Not Even None of the Above
NOTAUK almost sounds worth voting for: except for two problems. Number one, as an officially nonpartisan campaign group, they refuse to place any candidates up for actual election. In fact, in a rather “People’s Front of Judea vs. Judean People’s Front”-type situation, NOTAUK offers the following disclaimer on their website:

For the avoidance of doubt, we are NOT The NOTA Party (aka: Notavote) who were initially planning to stand candidates in 2015 on a supposedly NOTA platform. Their party name was eventually rejected by the Electoral Commission for potentially confusing voters into thinking they would be able to vote for a bona fide NOTA option already, when clearly they would just be voting for another “one of the above.”… Although we understand people’s impatience and appreciate their efforts to draw attention to the need for NOTA, we feel strongly that standing NOTA candidates at an election is a distracting contradiction in terms that leaves our wider, long term, non-partisan campaign vulnerable to being discredited in the eyes of the general public by the many enemies of reform.
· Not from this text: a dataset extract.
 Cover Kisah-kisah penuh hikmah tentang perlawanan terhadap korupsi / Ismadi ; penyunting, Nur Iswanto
In light of this desire to be thought 100 percent nonpartisan, it is strange, then, that, just ahead of the 2024 vote, a second problem should suddenly have arisen: namely, that, for no apparent reason, a vote for None of the Above has abruptly now been redefined as a vote for Hamas instead.
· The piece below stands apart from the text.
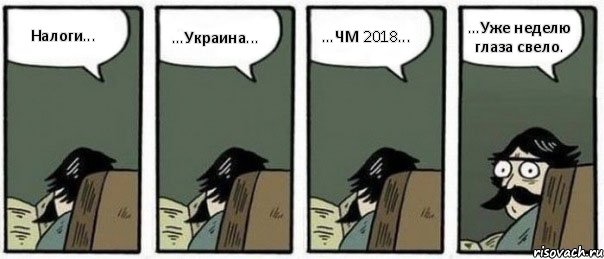 Налоги... ...Украина... ...ЧМ 2018... ...Уже неделю глаза свело., Комикс Staredad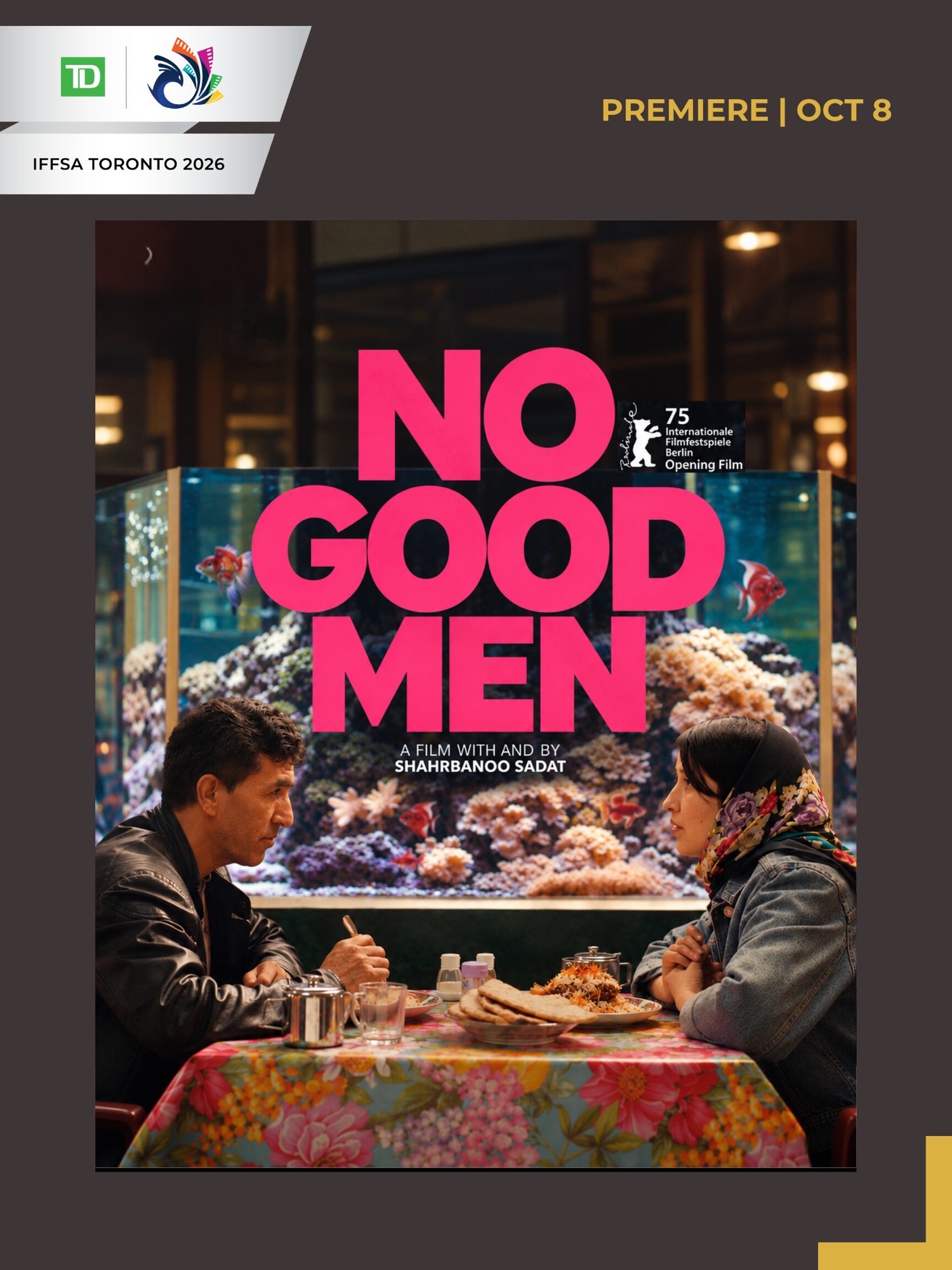 IFFSA Toronto 2026 premiere poster for No Good Men, showing two people seated at a restaurant table in front of a lit aquarium, with Berlinale Opening Film laurels and the October 8 premiere date.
Following the October 7 attacks on Israel last year, NOTAUK’s founder Jamie Stanley began making posts on the organization’s website saying hysterical things like:

There’s a myriad of reasons why it must be possible in a true democracy to formally reject all that’s on offer at an election in a way that can affect the outcome if enough people do so. But the refusal—and/or inability—of an entire country’s political system to even try to stop a blatant “plausible” genocide [supposedly being committed by Israel against Gaza] is surely the most extreme example imaginable…. As things stand, if you vote for any UK party or candidate that isn’t explicitly calling for an immediate end to this genocide, you will effectively be endorsing it. But in the UK, if you don’t vote (assumed apathy), or spoil your ballot in protest (lumped in with those spoiled in error), it makes no difference. Regardless of low turnout or number of spoiled ballots, the party with most votes per constituency, and most parliamentary seats nationally, wins. As if they have a real mandate and the backing of most of the country, even if they don’t. That’s outrageous at the best of times. In the current climate, it’s something else. It’s actually incredibly dangerous.

Up until this point, I was very much on the cusp of agreeing with NOTAUK’s campaign: until I realized that, if I did vote “None of the Above,” I’d actually somehow be voting for Ismail Haniyeh instead.

Incredibly, British politics is now so completely broken that this week I really do want to vote for absolutely None of the Above—not even for None of the Above.